You've declared the static members fine, but not defined them anywhere.
Basically what you've said "there exists some static member", but never set aside some memory for it, you need:
int A::x = 100;
Somewhere outside the class and not inside main.
Section [9.4.2]
Static Data Members
The declaration of a static data member in its class definition is not a definition and may be of an incomplete type other than cv-qualified void. The definition for a static data member shall appear in a namespace scope enclosing the member’s class definition. In the definition at namespace scope, the name of the static data member shall be qualified by its class name using the :: operator
You need to define the static member variable of the class outside the class as static member variables require declaration as well as definition.
#include <iostream>
using namespace std;
class A
{
public:
static int x;
static int getX() {return x;}
};
int A::x; // STATIC MEMBER VARIABLE x DEFINITION
int main()
{
A::x = 100; // REMOVE int FROM HERE
cout<<A::getX();
return 0;
}
Try:
#include <iostream>
using namespace std;
class A
{
public:
// This declares it.
static int x;
static int getX(){return x;}
};
// Now you need an create the object so
// This must be done in once source file (at file scope level)
int A::x = 100;
int main()
{
A::x = 200;
// Notice no 'int' keyword before A::x on this line. You can modify A::x
cout<<A::getX(); // Should work
return 0;
}
The definition of static member variables must live at file scope, i.e. outside all functions, etc.
Try this example:
#include<iostream>
using namespace std;
class check
{
static int a;
public:
void change();
} ;
int check::a=10;
void check::change()
{
a++;
cout<<a<<"\n";
}
int main()
{
int i,j;
check c;
check b;
c.change();
b.change();
return 0;
}
Now you have worked out how to use static class members I will advise you that you should generally use them only in the following circumstances:
For use in templates. So in your example you could have GetX() in different classes and in a template somewhere you would use
template< typename T >
int func()
{
return T::GetX();
}
although obviously more elaborate. But here your static function being in a class serves a purpose.

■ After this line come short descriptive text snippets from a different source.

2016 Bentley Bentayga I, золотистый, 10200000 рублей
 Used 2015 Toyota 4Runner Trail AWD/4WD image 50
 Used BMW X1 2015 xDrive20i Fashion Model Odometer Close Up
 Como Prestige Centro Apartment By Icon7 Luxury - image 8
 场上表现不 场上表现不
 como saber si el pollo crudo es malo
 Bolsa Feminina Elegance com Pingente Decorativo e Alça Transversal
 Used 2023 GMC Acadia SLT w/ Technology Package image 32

Where the function needs access to the class, i.e. to private members. You could make it a friend but you may as well make it static. Often the case in callbacks.
The rest of the time you can probably use compilation-unit level functions and variables which has the advantage of taking your members out of the header (particularly if they are private). The less implementation detail you give the better.
You can use the inline keyword since c++ 17 in front of static members to avoid a definition outside of class scope. Your code should now look like this:
#include <iostream>
using namespace std;
class A
{
public:
inline static int x;
static int getX() {return x;}
};
int main()
{
A::x = 100; //Works now
cout<<A::getX()<<'\n';
return 0;
}
Case 1: static variable
As we all know, defining a static variable inside a class which will throw compilation error. E.g. below
class Stats
{
public:
static int AtkStats[3];
*static int a =20;* // Error: defining a value for static variable
};
int Stats::AtkStats[3] = {10, 0, 0};
Output:
error: ISO C++ forbids in-class initialization of non-const static member 'Stats::a'
Case 2: const static variable
For const static variable, we can define a value either inside a class or Outside class.
class Stats
{
public:
static const int AtkStats[3];
static const int a =20; // Success: defining a value for a const static
};
const int Stats::AtkStats[3] = {10, 0, 0};
const int Stats::a = 20; // we can define outside also
Output:
Compilation success.